Make a New Year’s resolution to get involved with, or at least pay attention to, the coming elections for the San Juan County Council.
Because the elections will implement the recently passed Proposition 1, taking the county from a six-person council elected from six districts to a three-person council elected county-wide, from three “residency districts”, every county voter will vote for all three new council members.
A three-member council means that two council members will control the county’s budget and policies, a result made even more important because Proposition 2, backed by the Charter Review Commission, also passed. You will want to know how each candidate views his or her responsibility to the island he or she lives on and to the other two islands as well.
Proposition 2 cancels the “separation of powers” concept and eliminates the position of county administrator in favor of a yet-to-be-defined county manager, who will report to the new three-member council. The new council will have sole authority over both the executive and legislative power in the county. (While the county’s independently elected officials hold sway over their respective departments, the council holds the purse strings).

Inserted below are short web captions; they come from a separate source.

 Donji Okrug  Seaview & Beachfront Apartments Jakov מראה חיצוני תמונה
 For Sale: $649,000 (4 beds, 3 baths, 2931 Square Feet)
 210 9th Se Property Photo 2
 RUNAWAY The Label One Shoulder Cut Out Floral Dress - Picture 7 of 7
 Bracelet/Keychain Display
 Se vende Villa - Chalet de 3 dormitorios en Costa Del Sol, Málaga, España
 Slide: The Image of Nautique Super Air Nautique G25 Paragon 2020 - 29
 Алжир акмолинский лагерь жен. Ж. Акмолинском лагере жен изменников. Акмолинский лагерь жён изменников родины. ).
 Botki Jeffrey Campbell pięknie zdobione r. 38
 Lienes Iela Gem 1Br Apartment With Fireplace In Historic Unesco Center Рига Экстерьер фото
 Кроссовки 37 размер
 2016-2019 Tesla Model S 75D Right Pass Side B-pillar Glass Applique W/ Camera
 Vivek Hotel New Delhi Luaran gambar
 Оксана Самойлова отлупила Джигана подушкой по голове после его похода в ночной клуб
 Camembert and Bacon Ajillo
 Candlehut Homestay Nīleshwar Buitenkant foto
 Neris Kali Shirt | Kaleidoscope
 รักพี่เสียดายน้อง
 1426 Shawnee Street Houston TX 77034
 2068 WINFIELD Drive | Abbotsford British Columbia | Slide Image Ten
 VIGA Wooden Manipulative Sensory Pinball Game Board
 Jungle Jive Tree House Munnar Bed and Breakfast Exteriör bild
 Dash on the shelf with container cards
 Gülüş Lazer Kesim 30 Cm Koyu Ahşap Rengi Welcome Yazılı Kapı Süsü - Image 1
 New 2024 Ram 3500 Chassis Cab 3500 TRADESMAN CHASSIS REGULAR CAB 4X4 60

San Juan County last had three elected legislators in 2005, under the commission system foresaken by the freeholders, who drafted the original self-rule county charter. At that time, county coffers were relatively well-stocked, public and private employment was high, construction was booming and home sales were strong.
The primary election is Feb 12. Three candidates from San Juan and three from Orcas will seek nominations to join the two Lopez candidates in the April 23 general election.
Because the elections are in February and April, turnout may be significantly reduced. That smaller group of voters may or may not share your views of what’s right for your island and the county as a whole.
The Journal intends to pay close attention to the council elections. How about you?